Los antiguos egipcios poseían una ley astrológica que en cierto sentido permite apreciar cómo veían ellos el momento cósmico del nacimiento del niño, en relación con las condiciones terrestres de la concepción. Esta ley, conocida bajo el nombre de “ley de Hermes” es como sigue: “El punto del zodíaco en que, en el momento de la concepción, está la Luna, estará al nacer el niño exactamente en el horizonte del este o del oeste, y el punto del zodíaco en que está la Luna en el momento de nacer el niño es, a la vez, el mismo punto del zodíaco que, en el momento de la concepción, estaba en el horizonte, es decir que en ese momento salía o se ponía”. Es así que la Luna se convirtió en una especie de control de nacimientos (recordemos que, entre los griegos, la diosa lunar Artemisa era a la vez la diosa del nacimiento). Ya estamos en condiciones de darnos cuenta de que en este ley de Hermes, de la que nos ocuparemos en el curso de nuestras diservaciones, se anuncian conocimientos de muy profundo alcance.

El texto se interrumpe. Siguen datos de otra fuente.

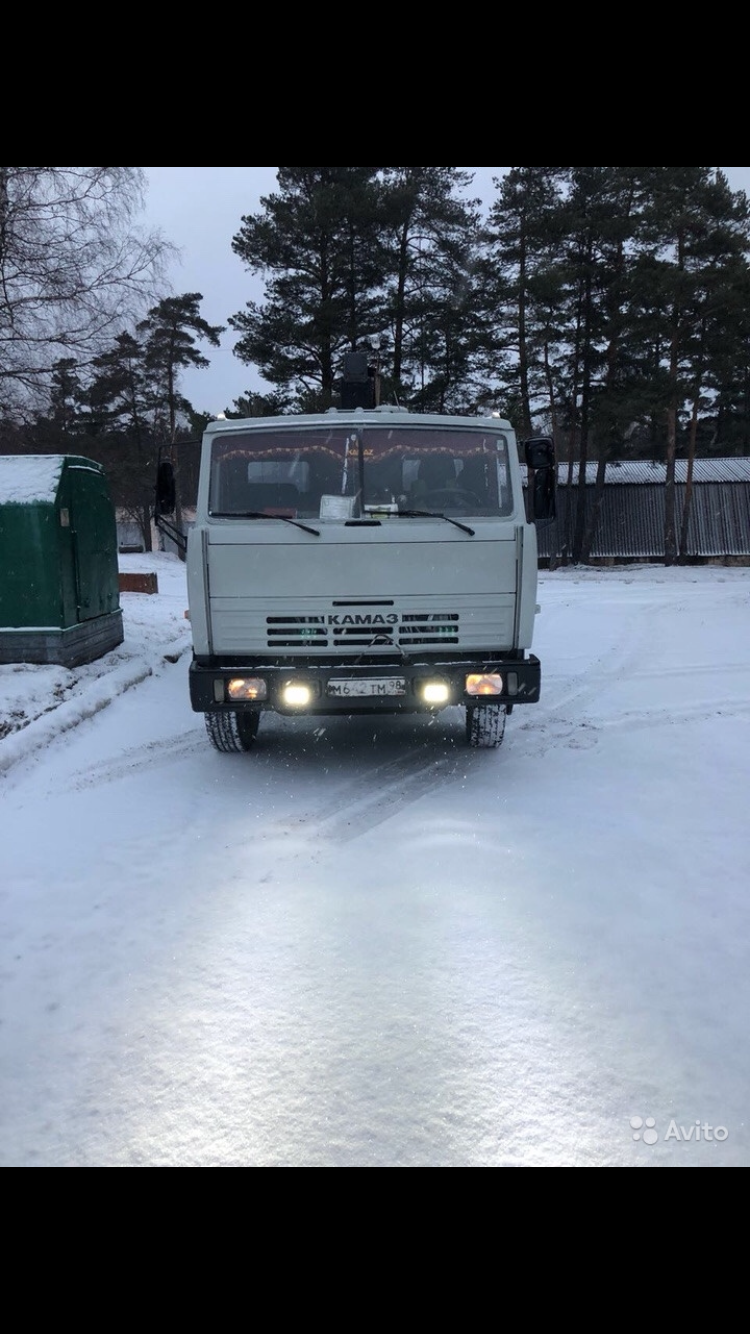 Изображение 4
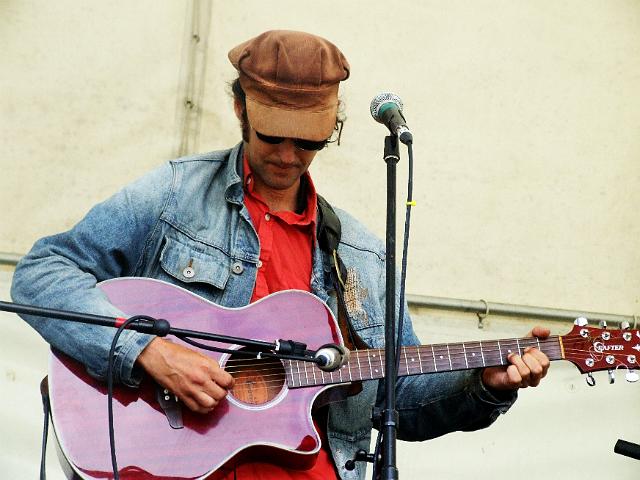Derek 7.jpg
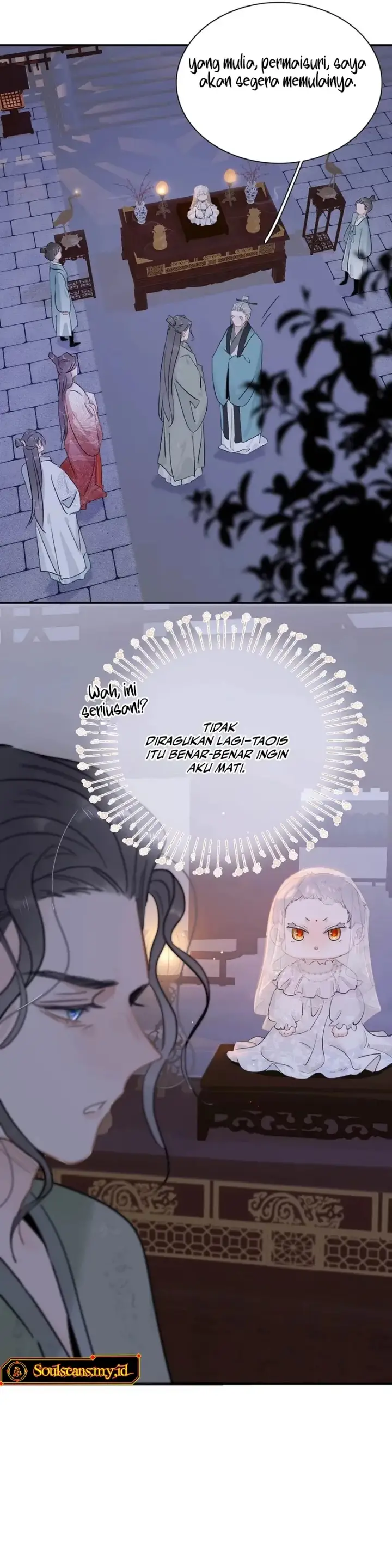 image-komik-after-the-novel-villains-heard-my-inner-voice-chapter-19-1/15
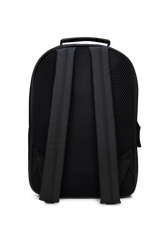 Book Daypack Large W3 - BLACK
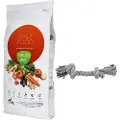 Natura Diet Daily Food Kylling - 12 kg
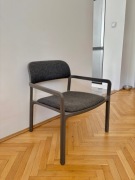 Fotel Ikea YPPERLIG
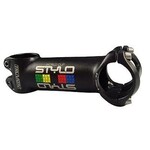 Truvativ Stylo World Cup 120mm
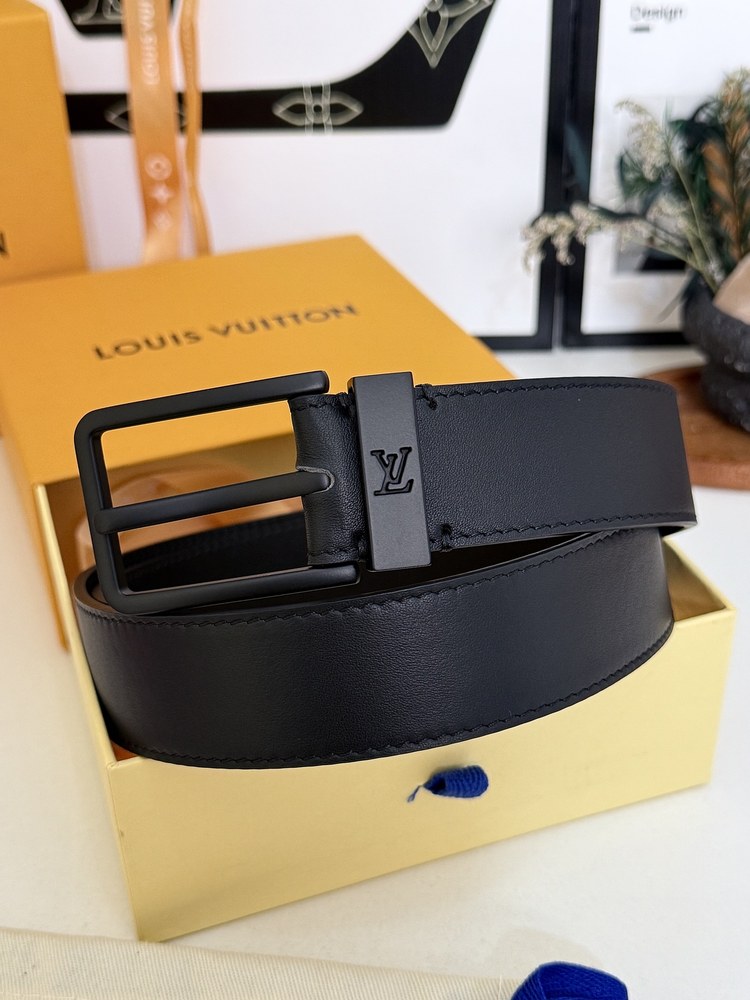LV Belts(AAAAA)-3157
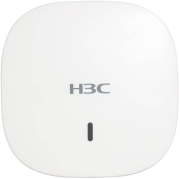 фото Точка доступа H3C EWP-WA6622-FIT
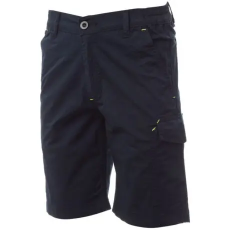 PAYPER service S00328-P055/08007-xS rövidnadrág, navy (xs)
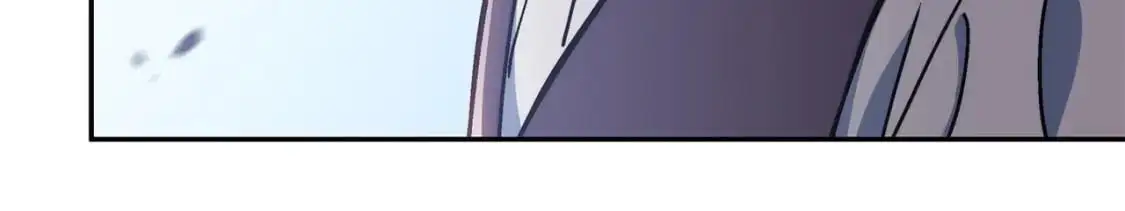 白龙公爵佩德·莱欧漫画,第87话 需要的人1图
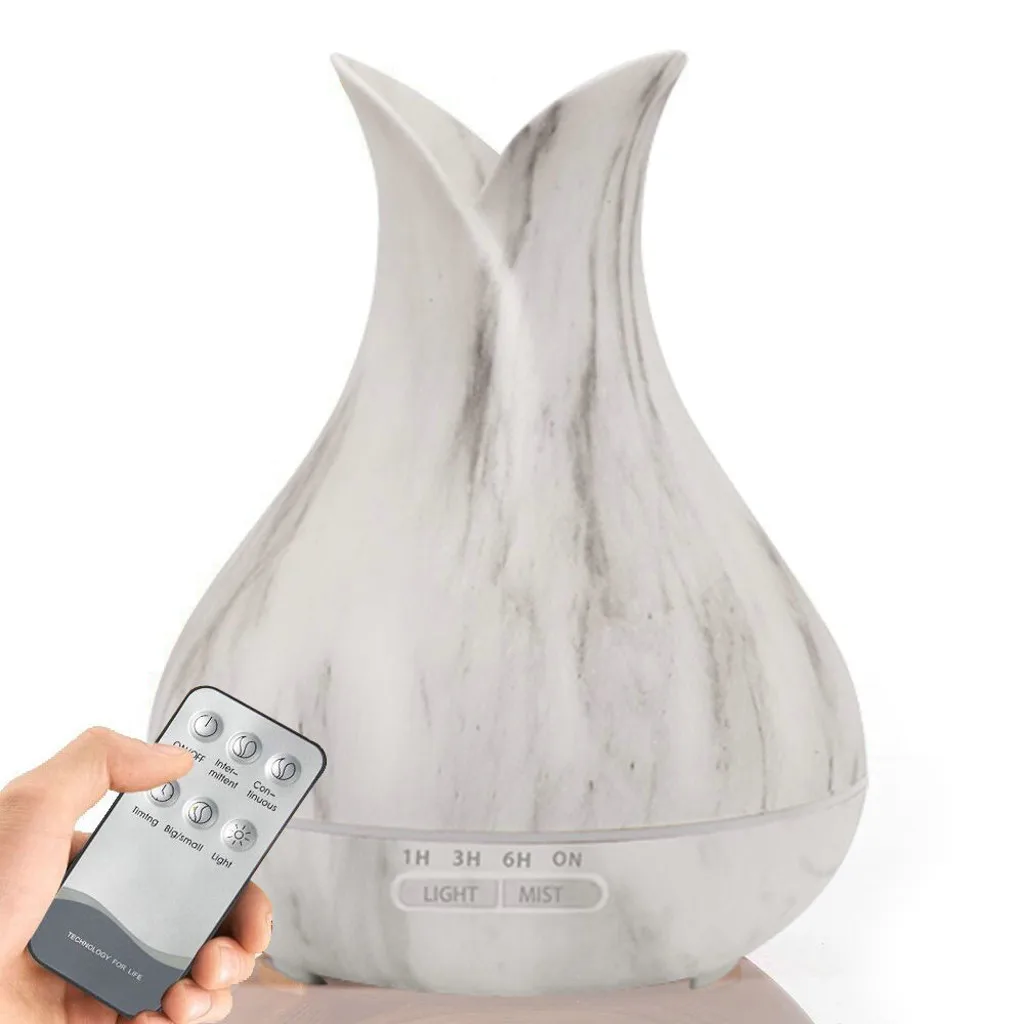 

Aroma Diffuser Usb Electric Air Humidifier Mini Humidificador Essential Oil Aromatherapy Cool Mist Maker Fogger For Home#db4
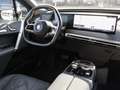 BMW iX xDrive40 Sportpaket Komfortzugang Soft-Close Grau - thumbnail 5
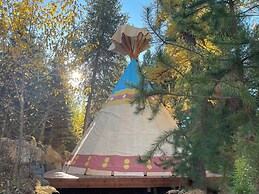 North Haven Campground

El principio lunar, el semicírculo, era el principio femenino, el principio de la función memorística, de carácter pasivo, conservador, vuelto hacia el pasado, el principio reproductivo vuelto hacia la fase nocturna. El horizonte o frontera entre el día y la noche está, por así decir, en el cruce entre el pasado y el futuro. Es el principio de la memoria hereditaria el que en cierta medida se halla bajo el horizonte, en el ámbito de la noche. Por el nacimiento, dicho principio es sacado de este ámbito, y traspone la frontera que separa el pasado del futuro, pasando a integrar el reino del dia. De modo que no debemos considerar casual el momento del nacimiento. Tampoco la ciencia exotérica lo considera casual. Es por eso que las ciencias naturales, teniendo en cuenta precisamente que el momento del nacimiento no es más que la finalización de la fase de vida intrauterina del ser humano, de modo que en manera alguna es ese el momento en que se configura el ser humano individual, preguntan por qué la astrología considera tan importante el momento del nacimiento, al extremo de tomarlo como punto de partida para la concepción astrológica del individuo humano.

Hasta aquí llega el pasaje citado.